Mientras tanto, Lula que no es Cristina, luego de haber reñido furiosamente contra Bolsonaro en un cruce afiladísimo, en su último discurso post elección, el líder del PT enunció que “A partir de enero de 2023, voy a gobernar para 213 millones de brasileños, no existen dos Brasiles, somos un único país, un único pueblo, una gran nación” y continuó: “A nadie le interesa vivir en un estado permanente de guerra. Este pueblo está cansado de ver al otro como enemigo”.
Ahora, si queremos marcar otras coincidencias de Cristina con Bolsonaro, podemos mencionar que ambos no cumplieron con el rol constitucional de participar de la transmisión del mando, como una forma de de quitar legitimidad al acto.
Pero existen innumerables diferencias entre el krchnerismo y el PT. Lula viene de una situación familiar de carencia extrema, y de largas luchas por llegar a la presidencia, en la cual fue derrotado por quien hoy es uno de sus aliados Henrique Cardoso. A su vez. Lula tiene a favor sus dos mandatos anteriores en los cuales Brasil mostró un fuerte crecimiento, con una marcada reducción de la pobreza (sacó a 30 millones de la pobreza) e incluso con un reconocimiento fuerte en la política mundial. Su ideología en el poder es pragmática y ha sido capaz de incorporar a su gabinete a nueve partidos opositores.
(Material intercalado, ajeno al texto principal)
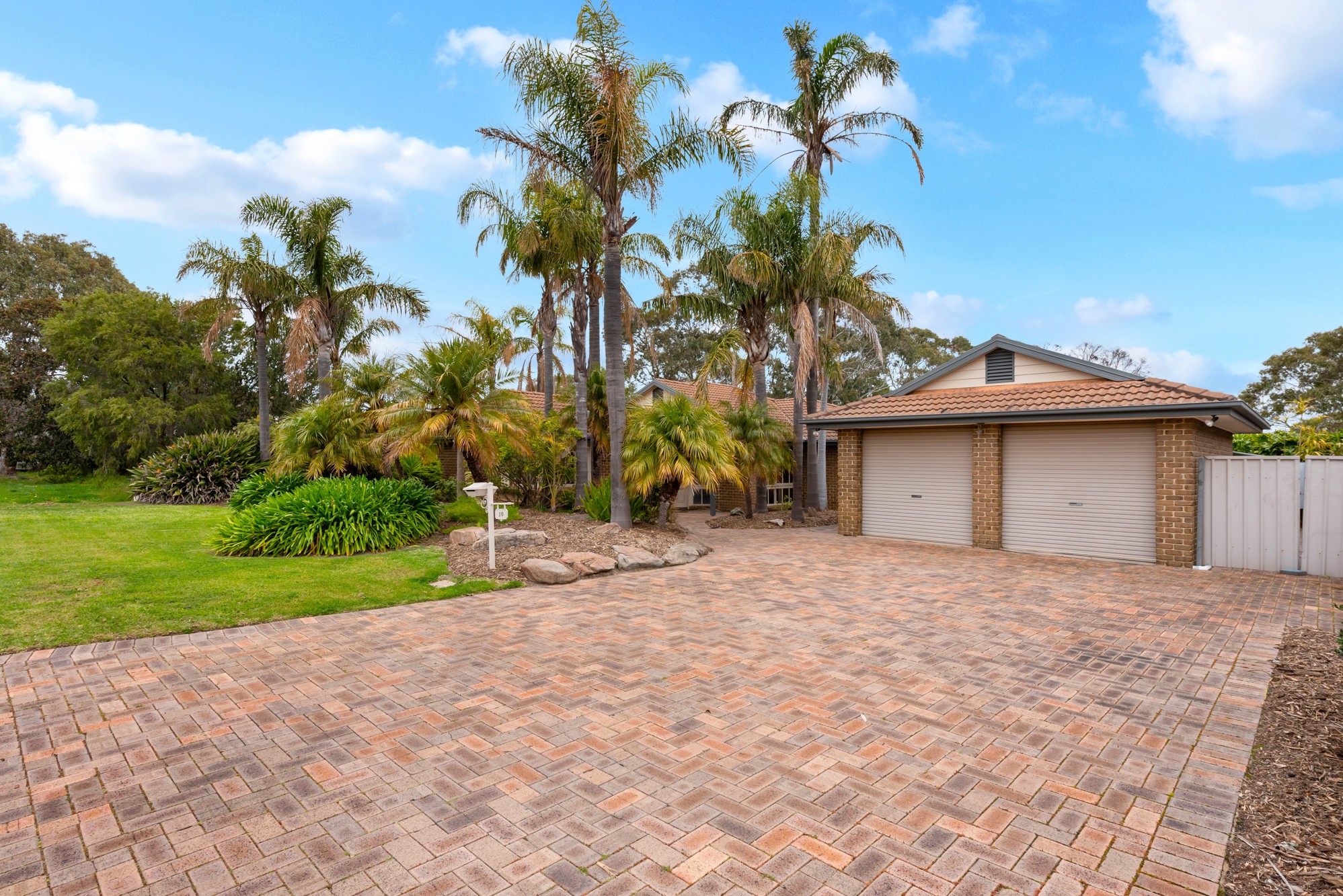 10 Shetland Street, Woodcroft, SA 5162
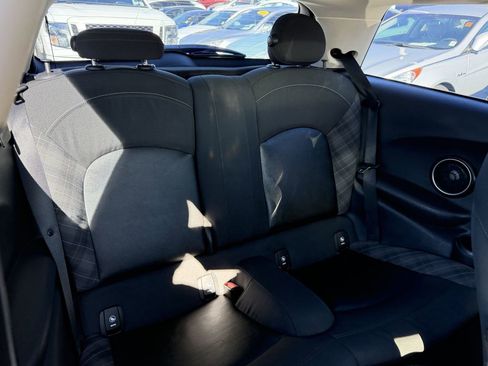 Used 2014 MINI Cooper S image 17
Es partidario de los equilibrios fiscales sin renunciar a su compromiso de terminar con el hambre que ahora afecta a 33 millones de brasileños.
Es cierto que luego de retirarse del poder, con el 85% por ciento de popularidad, Lula tuvo un hecho de corrupción vinculado a una dádiva, que aparece menor frente al saqueo kirchnerista. Pero batalló legalmente para defenderse y logró que la Corte Suprema anulara su condena, cumpliendo con 2 años de cárcel, sin por ello atacar constantemente a la Justicia, la cual hoy el kirchnerismo pretende llevar a un Juicio Político. Obviamente, este Juicio no prosperará en las Cámaras y generará nuevas confrontaciones y falta de respeto a la división de poderes.
Lula quiere romper el aislamiento de Brasil, apuesta a revitalizar el Mercosur y el UNASUR. Coloca en el centro de su gestión los temas de medio ambiente, comenzando por oponerse a la deforestación.
En sus mandatos, encarnó una izquierda moderna, no autoritaria. Sin ir más lejos, eligió como compañero de fórmula a Geraldo Ackmin, su antiguo adversario, el que además será ministro de industria y comercio. Y así sucede con varios de sus ministros, ya que todos ellos reconocen en Lula un liderazgo del que hoy carece la Argentina.
Todo está por verse. El Brasil de hoy no es el que 20 años atrás vio a Lula ingresar al poder, pero sus primeros pasos marcan a un mandatario maduro, capaz de lograr un Brasil que vuelva a ser una relevante potencia mundial, que revitalice políticas en común con Argentina, a la par de atender a los sectores más desvalidos con recursos presupuestarios que ya logró en las primeras horas de su asunción.